2007年 夏- 蛇籠川急降下作戦
山頂より蛇籠川上流を望む

 蛇籠川(じゃろうがわ)は九州最後の秘境である。
30年くらい前の地図で確認したところ、昔は中流に川口という集落があったらしい。そのため上流部は別名で川口川とも呼ばれる。

 この川には西米良村からのアクセスが2通り。 数時間を歩いて源流部から入渓するルートと、横野から一山を越えて、山頂から川に急降下するルートがある。 もうひとつ西都市まで下りて、三財川上流のダムから遡上する方法もあるが、これはぼくらには遠すぎて現実味がない。
蛇籠川攻略にあたっては九州を代表する沢登り師である沢グルメ氏に親切に教えていただいた。

 時間的にムダがないのは川の中部に急降下するルートだ。
地図を見ると山の尾根から川まで50メートルの等高線が5本あり、水平距離もまた250メートルほどあるようだ。水平250mで高低差250mを降り切るとして平均勾配45度。直線距離で350mの計算になる。 時間にして降下45分、登坂1時間か。
 夏の暑い日、ダム沿いの道路に車を止めて、お昼過ぎに登山開始。
釣具と野営道具、夕食一式と翌朝の行動食を担いで山頂を目指した。車が通れるだけの道幅はあるが、入口にゲートのある私道であり、車は乗り入れできない。
記録的な猛暑である。
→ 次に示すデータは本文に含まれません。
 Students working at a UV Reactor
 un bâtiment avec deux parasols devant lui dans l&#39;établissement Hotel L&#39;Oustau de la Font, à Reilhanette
気温も40度近いことは間違いない。 勾配はそうきつくないけど途中で雨に降られた。荷物が重い。

 雨のせいなのか山ヒルの攻撃を受ける。 途中でシカを見たが、あいつらも山ヒルには閉口しているだろうな。熱射病でもうダメかと思ったが2時間半ほどかけてなんとか登りきった。8合目くらいに水場が一カ所あって助かった。 (水場といえどシカのいるような場所の水を飲んではいけないらしい)
 山頂を過ぎ、あと少しで川への下り口という場所で大きな崩落があった。
道路がすっかり落ちてしまっている。横断するには危険すぎるので、手前からの降下を試みた。獣道すらない自然のままの斜面である。計算では45度の勾配だが実感は60度に近い。足元はわるく、立木を手で掴んでくぐり抜けるジャングルのブッシュである。
 せめて杉林であれば人が歩くことは出来るのだが、足元には穴が空いていたり浮き石があったりと困難を極めた。背中の荷物が枝にかかって身動きできなくなる。帽子を取られても、取り返しに行くだけの気力がない。ここに到達するまでにオジサンは消耗したのだ。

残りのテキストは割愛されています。